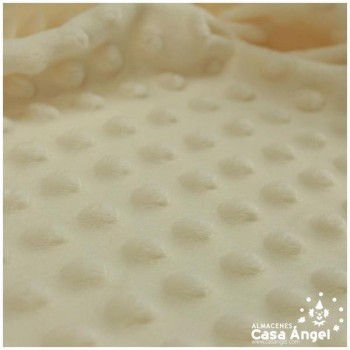 TELA CORALINA CRUDO CON TOPO EN RELIEVE SERIE BUBBLE 147cm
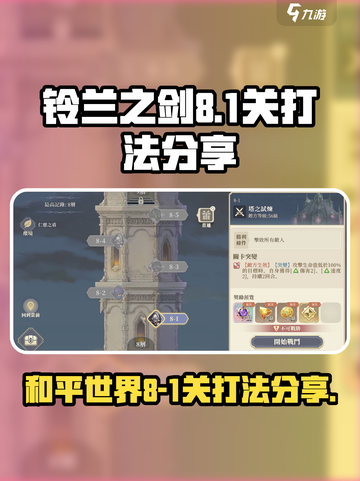 铃兰之剑为这和平的世界8-1关怎么过介绍截图1
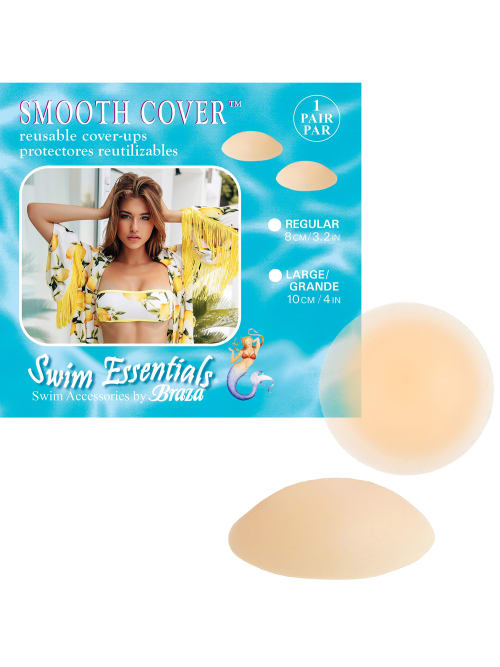 Braza Bra Smooth Cover Swim Concealers In Beige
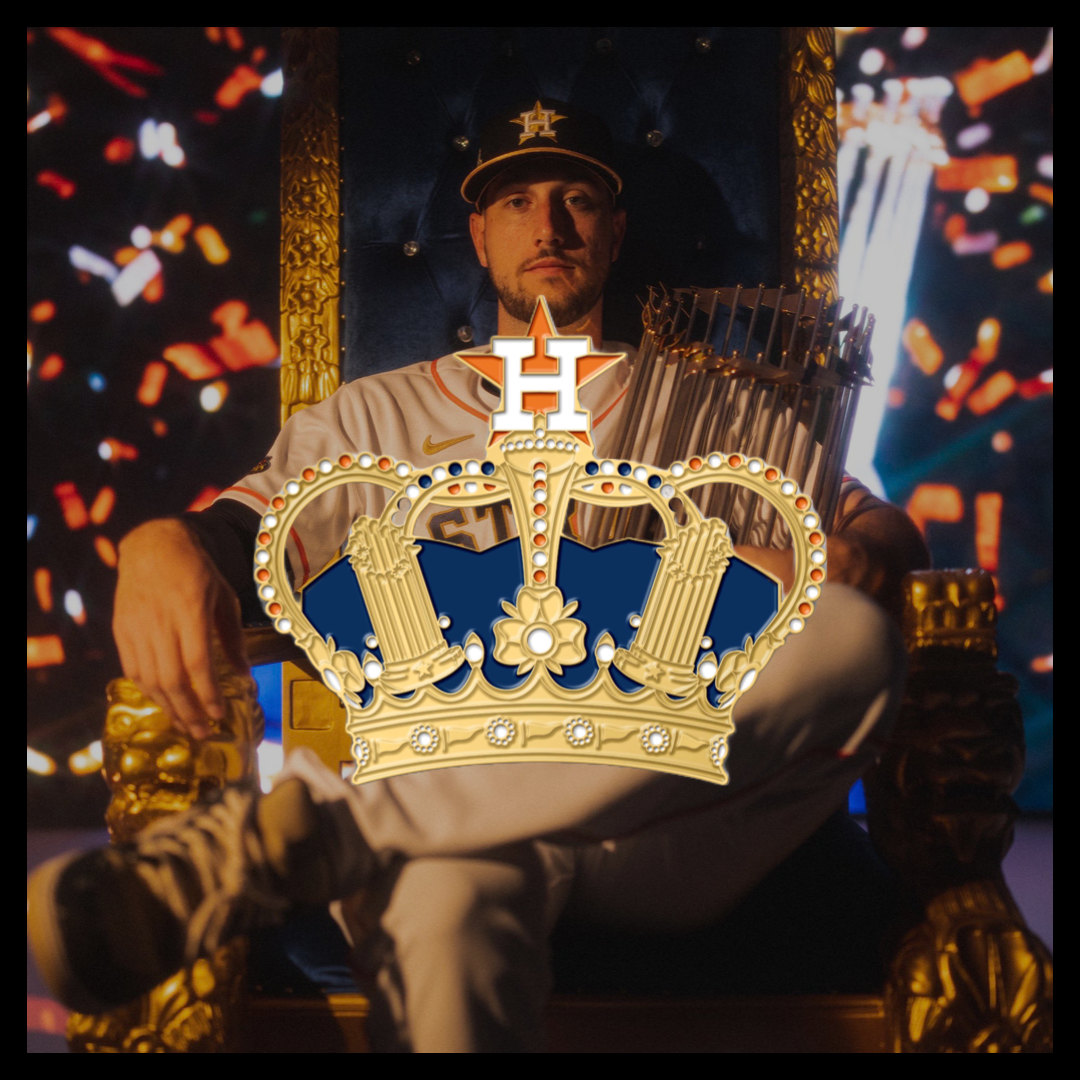 Houston Astros Ready 2 Reign Crown Pin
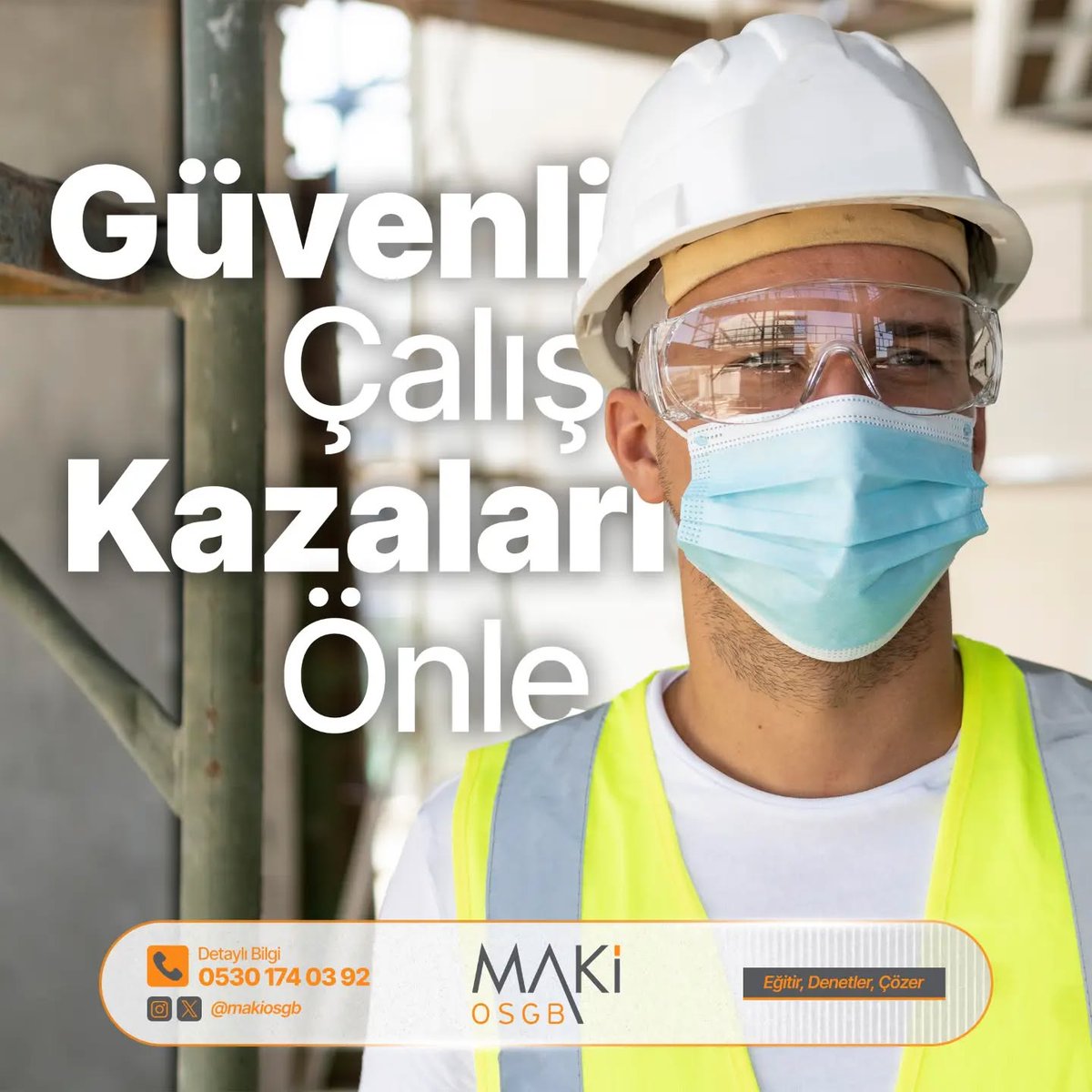 🚧 Güvenli Çalış, Kazaları Önle! 💪

İş güvenliği sadece bir önlem değil, bir yaşam tarzıdır! Maske, baret, gözlük… Tüm koruyucu ekipmanlarını kullan, riskleri en aza indir! Birlikte kazaları sıfıra indirebiliriz! 🦺

Detaylı bilgi için: 0530 174 03 92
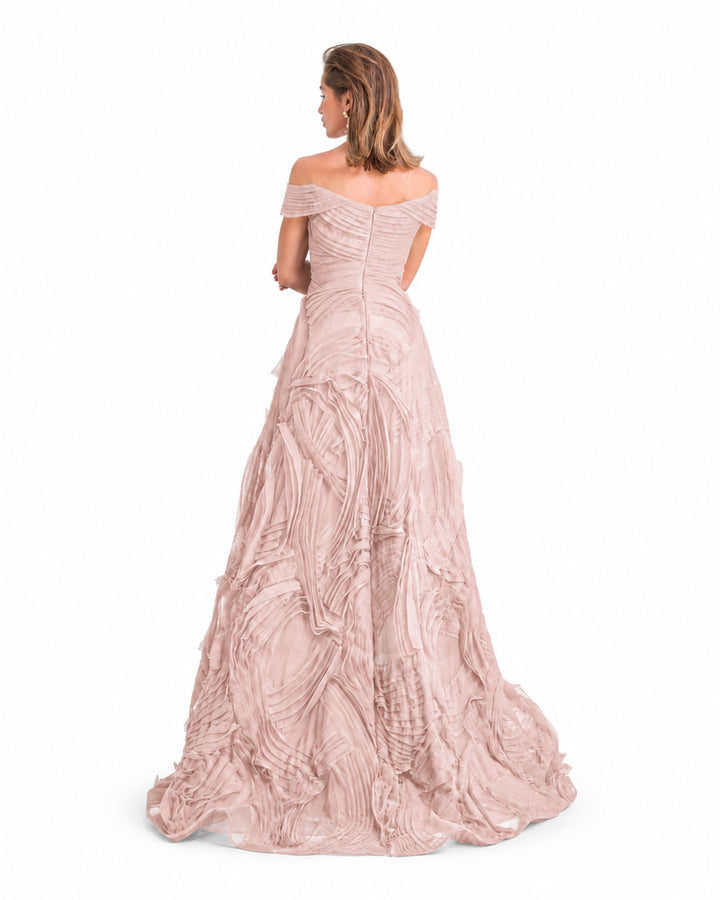 Off-The-shoulders Tulle Gown
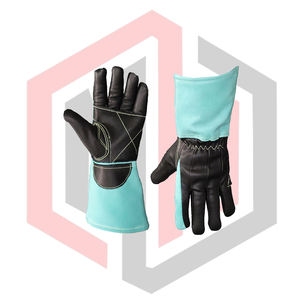 Guantes de Soldadura MIG de Cuero de Calidad, Resistentes al Calor, Antiestáticos, Antivibración, Sin Silicona, con Puño de Punto - Product Image 4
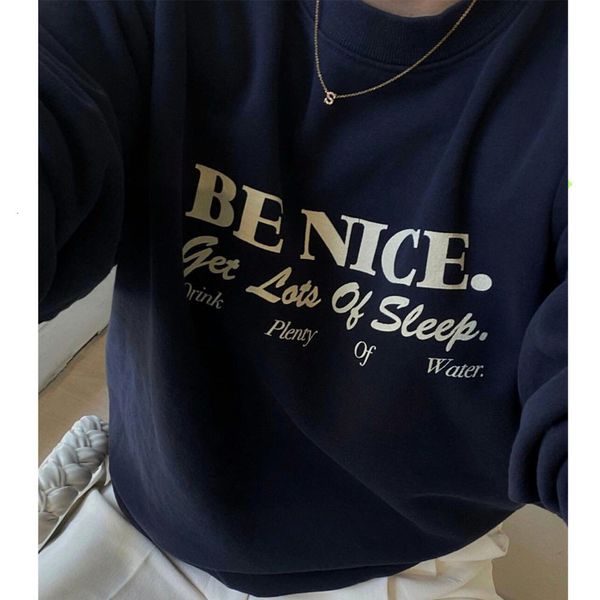 women's hoodies sweatshirts american vintage style be nice letters printing women pullovers autumn winter thick fleece warm crewneck ju, Black
women's hoodies sweatshirts american vintage style be nice letters printing women pullovers autumn winter thick fleece warm crewneck ju, Black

#### WHAT THE EXERCISE ASKS:
Where a picture appears in the listing above, skip it and set down all the rest exactly.

#### TASK OUTPUT:
 TELA CORALINA CRUDO CON TOPO EN RELIEVE SERIE BUBBLE 147cm
 铃兰之剑为这和平的世界8-1关怎么过介绍截图1
 Braza Bra Smooth Cover Swim Concealers In Beige
 Houston Astros Ready 2 Reign Crown Pin
 🚧 Güvenli Çalış, Kazaları Önle! 💪

İş güvenliği sadece bir önlem değil, bir yaşam tarzıdır! Maske, baret, gözlük… Tüm koruyucu ekipmanlarını kullan, riskleri en aza indir! Birlikte kazaları sıfıra indirebiliriz! 🦺

Detaylı bilgi için: 0530 174 03 92
 Off-The-shoulders Tulle Gown
 Guantes de Soldadura MIG de Cuero de Calidad, Resistentes al Calor, Antiestáticos, Antivibración, Sin Silicona, con Puño de Punto - Product Image 4
 women's hoodies sweatshirts american vintage style be nice letters printing women pullovers autumn winter thick fleece warm crewneck ju, Black
women's hoodies sweatshirts american vintage style be nice letters printing women pullovers autumn winter thick fleece warm crewneck ju, Black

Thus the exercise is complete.